Problem description: Find the line that contains "nike women's essential running vest"; please output it and each line after it, exactly as shown, up to the end of the entries below, skipping pictures.

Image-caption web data
+---+

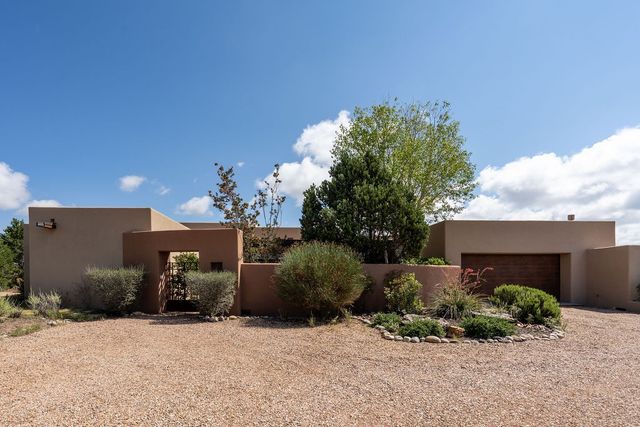 18 Bishops Dome, Santa Fe, NM 87506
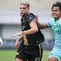 Pemain Dewa United, Karim Rossi (kiri) berebut bola dengan pemain Madura United, Kadek Raditya Maheswara saat laga lanjutan BRI Liga 1 2022/2023 di Indomilk Arena, Tangerang, Kamis (2/2/2023). (Bola.com/Bagaskara Lazuardi)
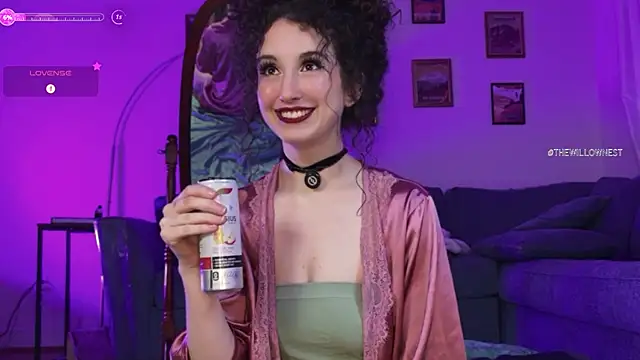 thewillownest_'s Webcam Show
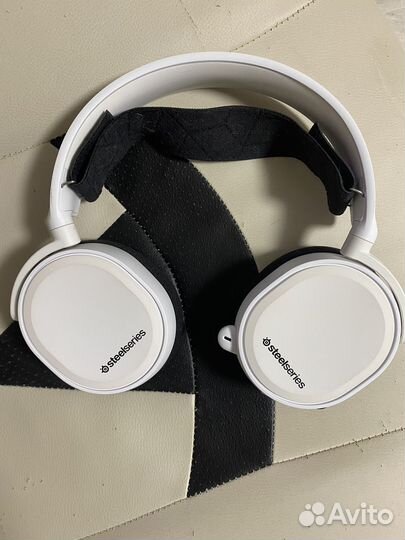Наушники SteelSeries Arctis 3 2019 Edition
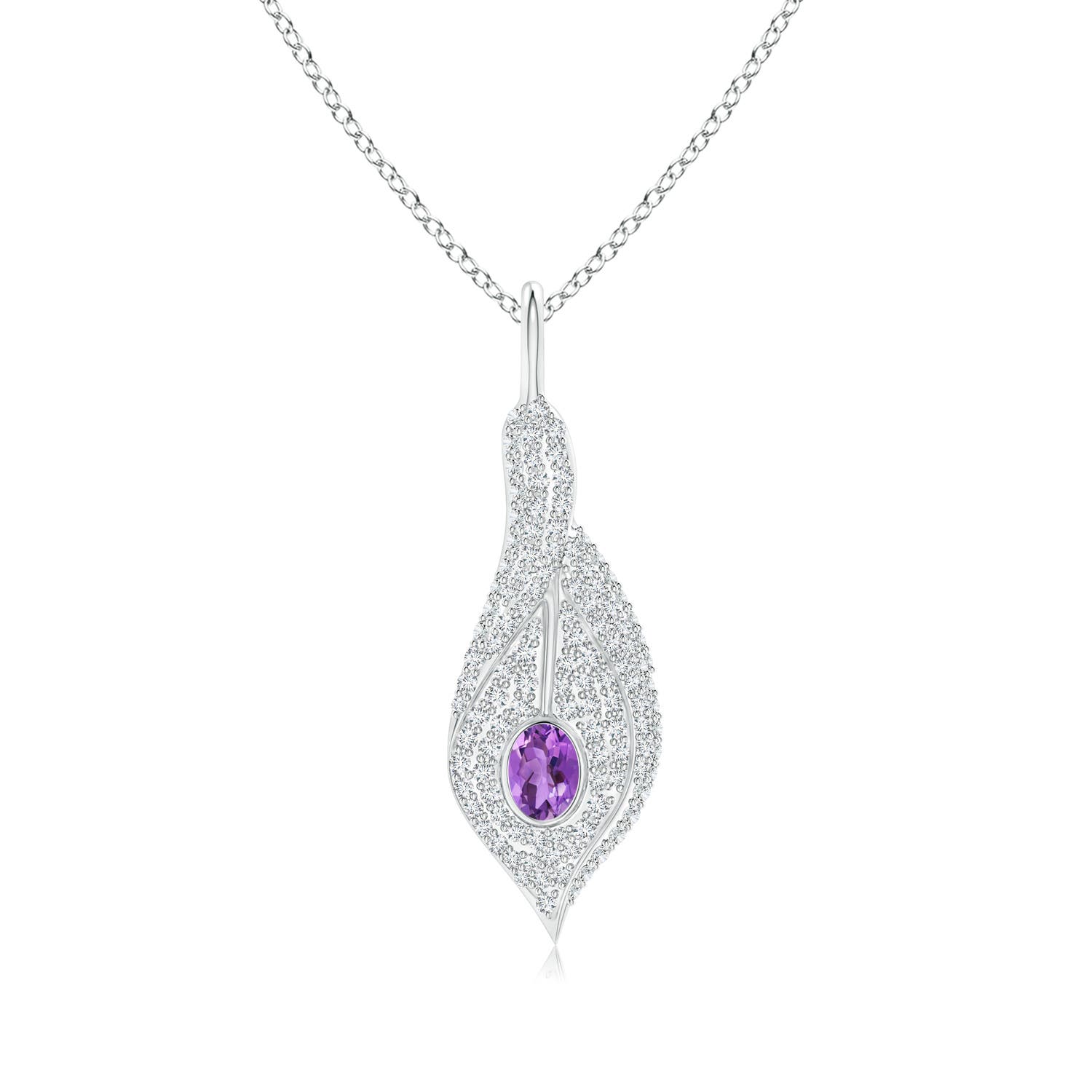 AA - Amethyst / 0.61 CT / 14 KT White Gold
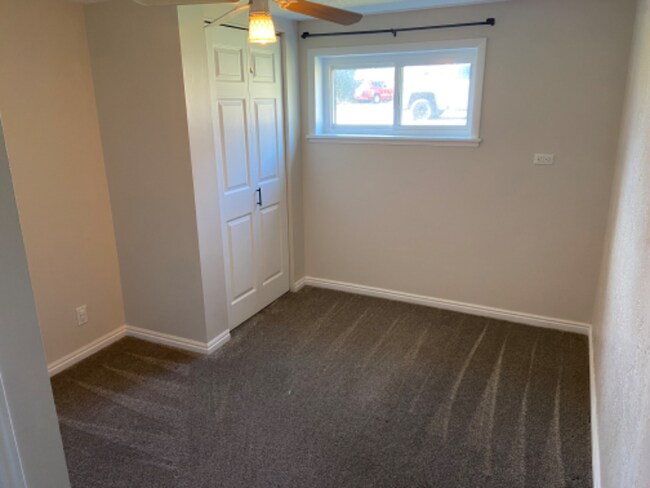 Building Photo - 486 N Gramercy Ave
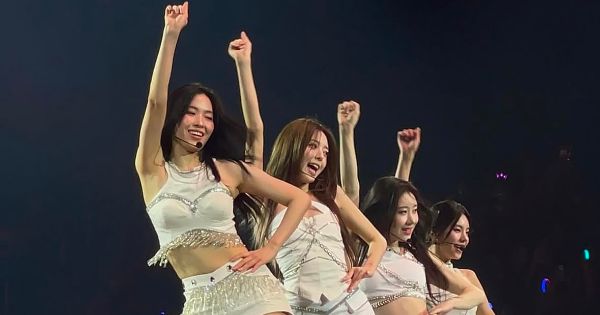 Image in QuizMyDay Itzy Quiz: Test Your K-pop Group Facts and Discography Skills trivia quiz featuring South Korean girl group <a href="https://en.wikipedia.org/wiki/Itzy" class="extiw" title="en:Itzy">ITZY</a> performing at the <a href="https://en.wikipedia.org/wiki/SM_Mall_of_Asia_Arena" class="extiw" title="en:SM Mall of Asia Arena">SM Mall of Asia Arena</a> in <a href="//commons.wikimedia.org/wiki/Metro_Manila" title="Metro Manila">Metro Manila</a>, <a href="//commons.wikimedia.org/wiki/Philippines" class="mw-redirect" title="Philippines">Philippines</a>, for their <a href="https://en.wikipedia.org/wiki/Born_to_Be_World_Tour" class="extiw" title="en:Born to Be World Tour">Born to Be World Tour</a> on August 3, 2024.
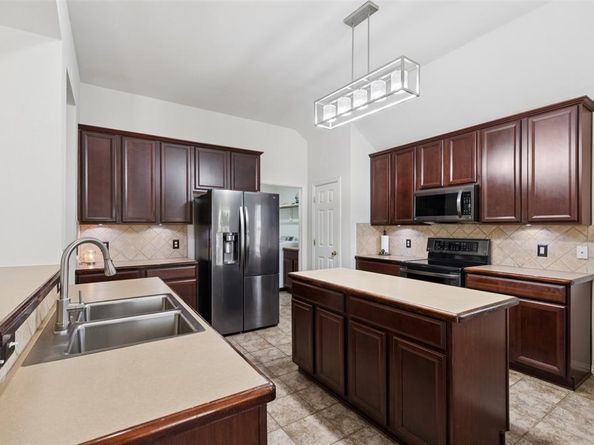 4416  Mallow Oak Drive , Fort Worth Texas 76123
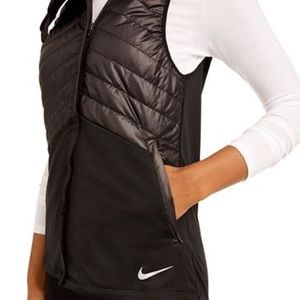 nike women's essential running vest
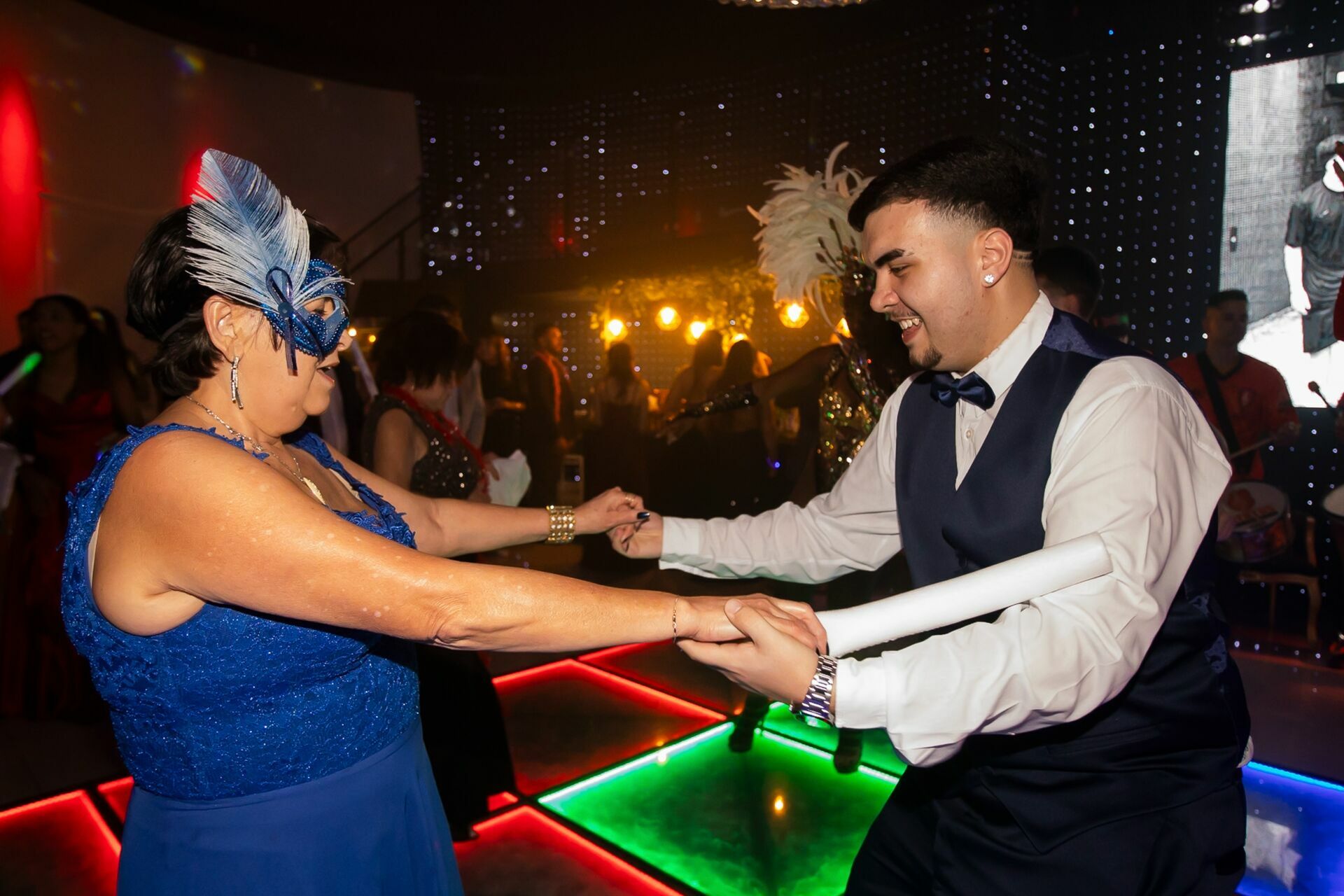 Foto BELLA ANIVERSÁRIO DE 15 ANOS | BUFFET VENTURI - Imagem 46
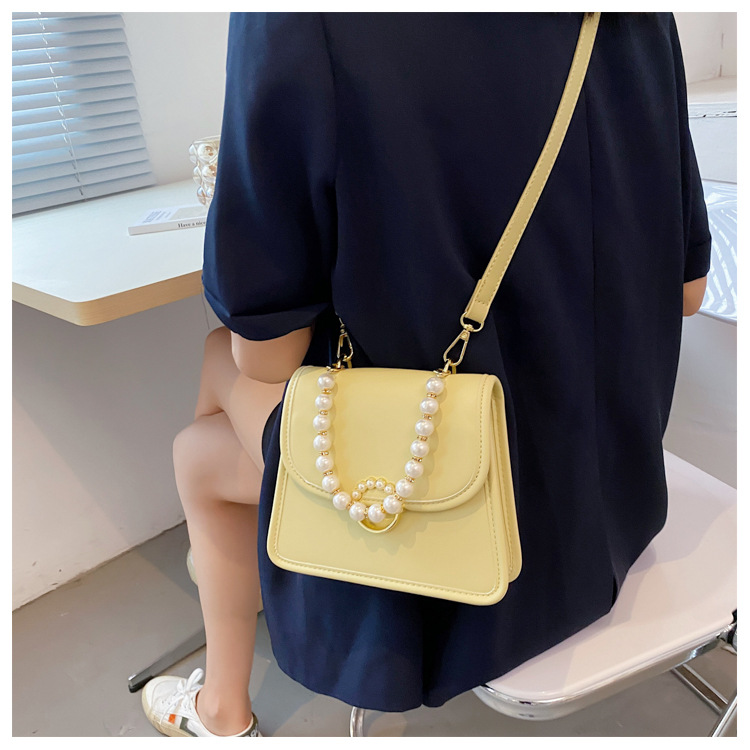 Wholesale Accessories Geometric Pearl Chain Messenger Bag Nihaojewelry display picture 9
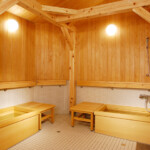 大きなデイ風呂内に個浴用の浴槽が2つあります。木の香りいっぱい。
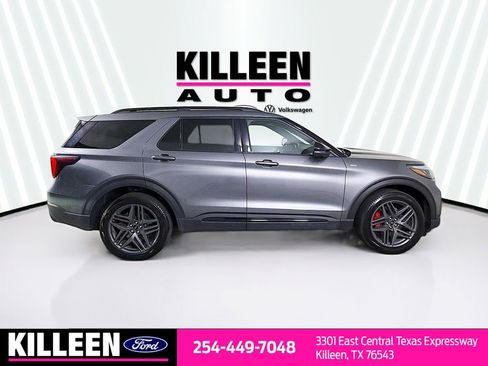 Used 2025 Ford Explorer ST-Line w/ ST-Line Street Pack AWD/4WD image 9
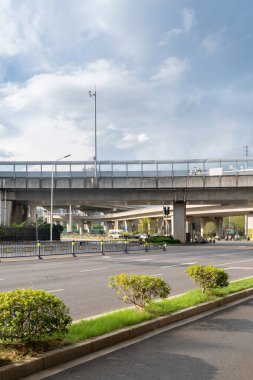 Şehirdeki üst geçidin altında beton yapı ve asfalt yol alanı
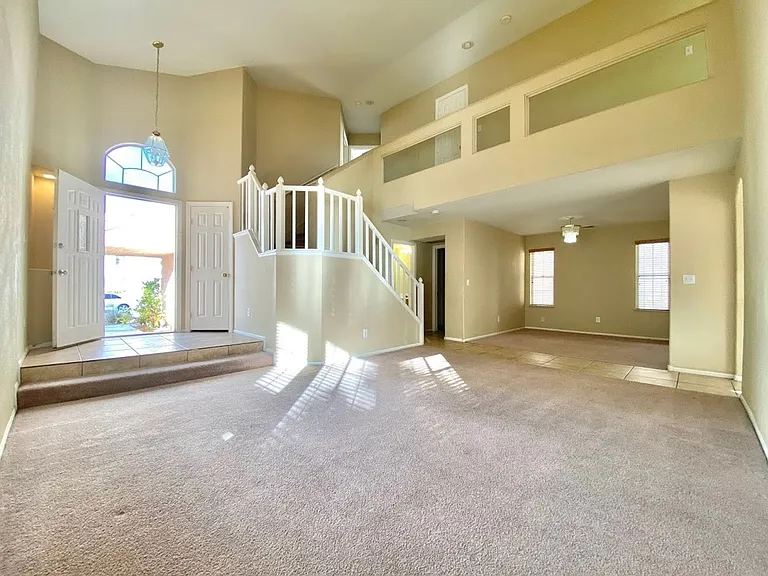 8009 Dover Shores Ave — Photo 4
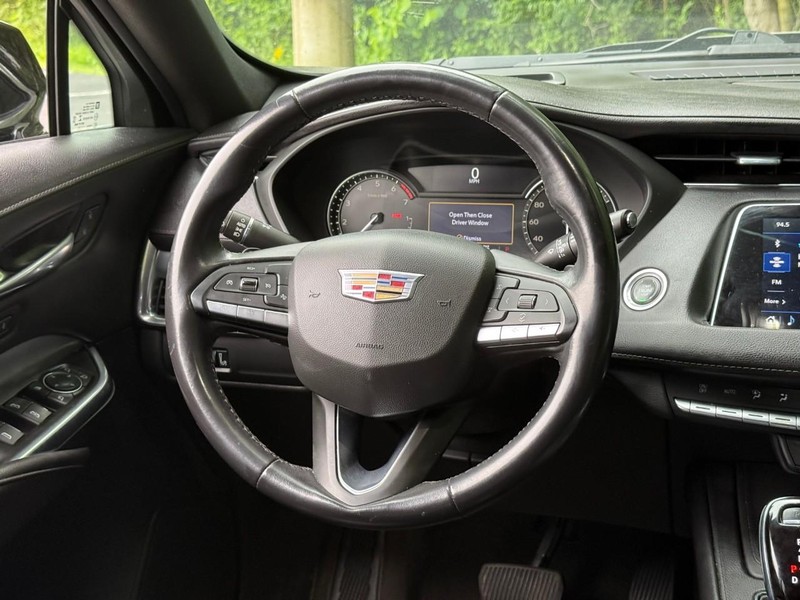 Cadillac XT4 Vehicle Full-screen Gallery Image 13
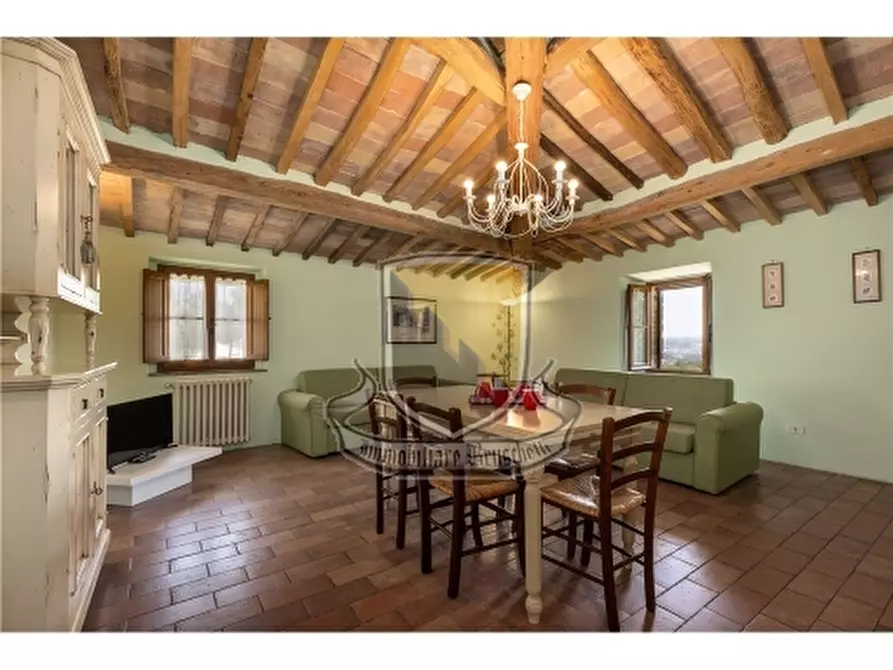 Immagine 13 di Rustico / casale in vendita  a San Gimignano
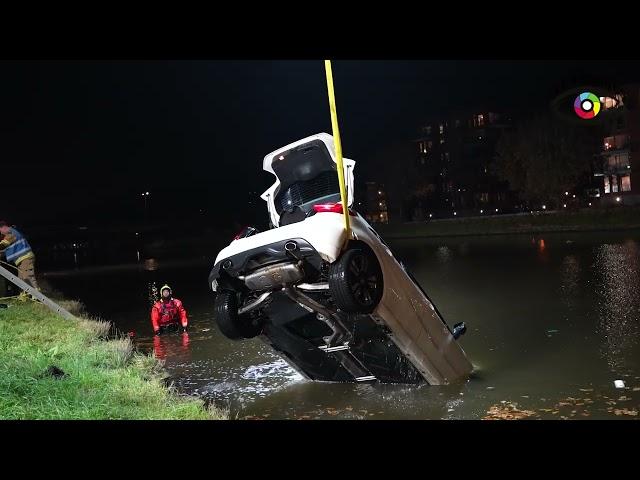 Bestuurster wijkt uit voor konijn en beland met auto in kanaal in Oosterhout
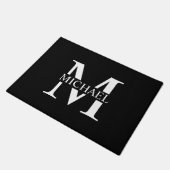 Schwarz-Personalisiert-Monogramm und Name Fußmatte (Schrägansicht)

+---+

Solved exercise:
 nike women's essential running vest
 Foto BELLA ANIVERSÁRIO DE 15 ANOS | BUFFET VENTURI - Imagem 46
 Wholesale Accessories Geometric Pearl Chain Messenger Bag Nihaojewelry display picture 9
 大きなデイ風呂内に個浴用の浴槽が2つあります。木の香りいっぱい。
 Used 2025 Ford Explorer ST-Line w/ ST-Line Street Pack AWD/4WD image 9
 Şehirdeki üst geçidin altında beton yapı ve asfalt yol alanı
 8009 Dover Shores Ave — Photo 4
 Cadillac XT4 Vehicle Full-screen Gallery Image 13
 Immagine 13 di Rustico / casale in vendita  a San Gimignano
 Bestuurster wijkt uit voor konijn en beland met auto in kanaal in Oosterhout
 Schwarz-Personalisiert-Monogramm und Name Fußmatte (Schrägansicht)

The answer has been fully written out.